À Baalbeck-Hermel, l’art d’imposer des victoires

Photo Wissam Ismaïl

L'opération de décompte des votes à Baalbeck-Hermel est symptomatique du simulacre libanais de démocratie, mais avec un trait aggravant : l'ombre pesante des armes du Hezbollah sur les électeurs.
Dans le caza de Hermel, le village de Kasr a été le terrain jusqu'à l'aube d'hier d'une série de manœuvres qui auraient conduit à la défaite officielle de la liste présidée par Ali Zeaïter – dont la victoire était pourtant pressentie – face à celle du Hezbollah.

M. Zeaïter, cardiologue populaire dans le caza et ancien président du conseil municipal de Kasr (de 1998 à 2001), relate à L'Orient-Le Jour le périple de ses délégués dans l'un des douze bureaux de vote de Kasr. Alors que le décompte s'était déroulé « de 23h30 à minuit 30 » dans dix bureaux du village, « il s'est poursuivi dans les deux bureaux restants jusqu'à 5 heures du matin », explique-t-il.
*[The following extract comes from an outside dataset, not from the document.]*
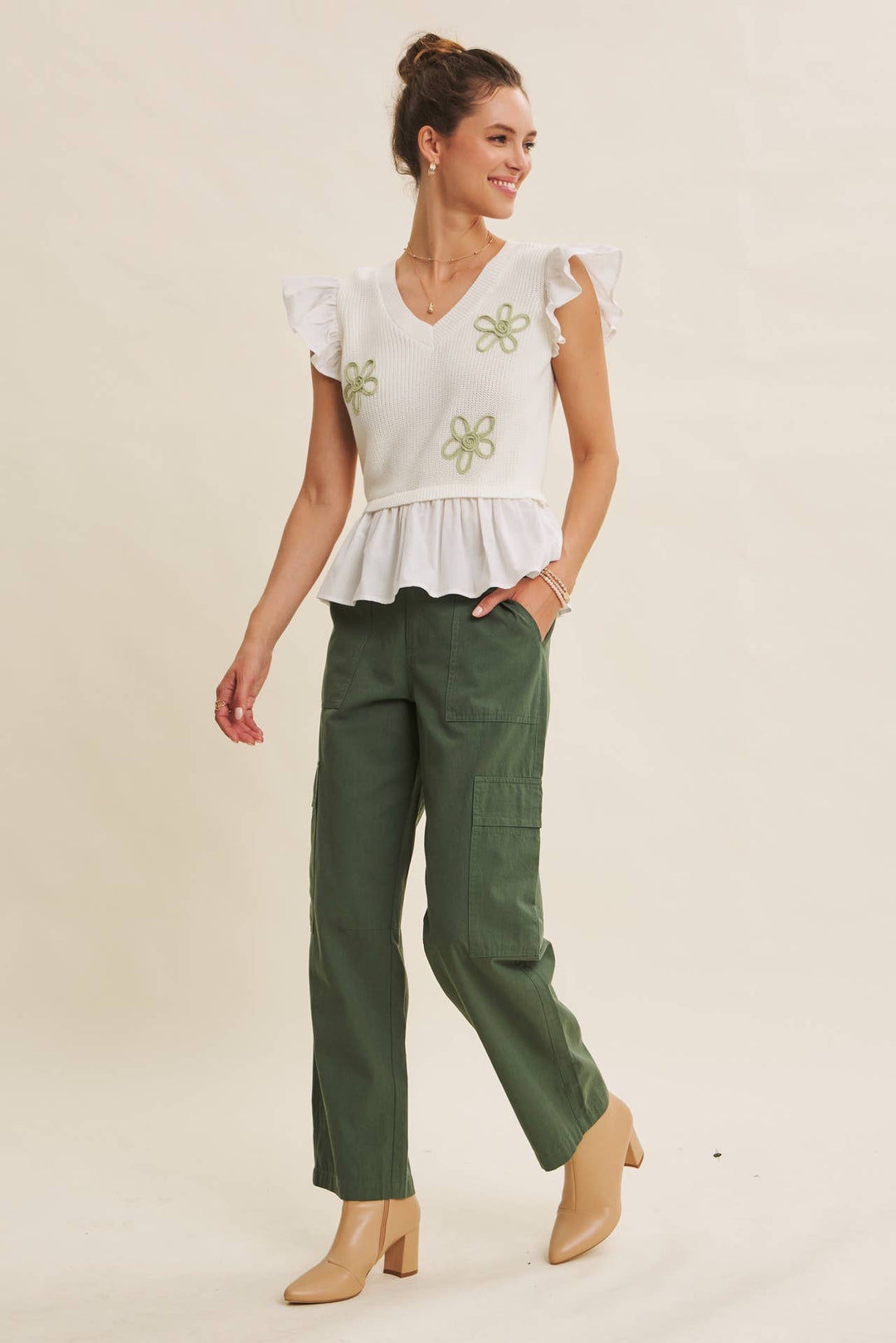 Easy to Love Embroidery Ruffle-Sleeve Mixed Sweater Top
L'un de ces bureaux est établi dans l'école secondaire Saadat al-Maa : isolée, située à la périphérie ouest du village, à un kilomètre de la voie publique, « difficile d'accès pour les renforts de l'unité militaire déployée sur place », elle a été le terrain propice à un exercice d'intimidation morale et physique du Hezbollah contre les deux délégués de la liste opposée.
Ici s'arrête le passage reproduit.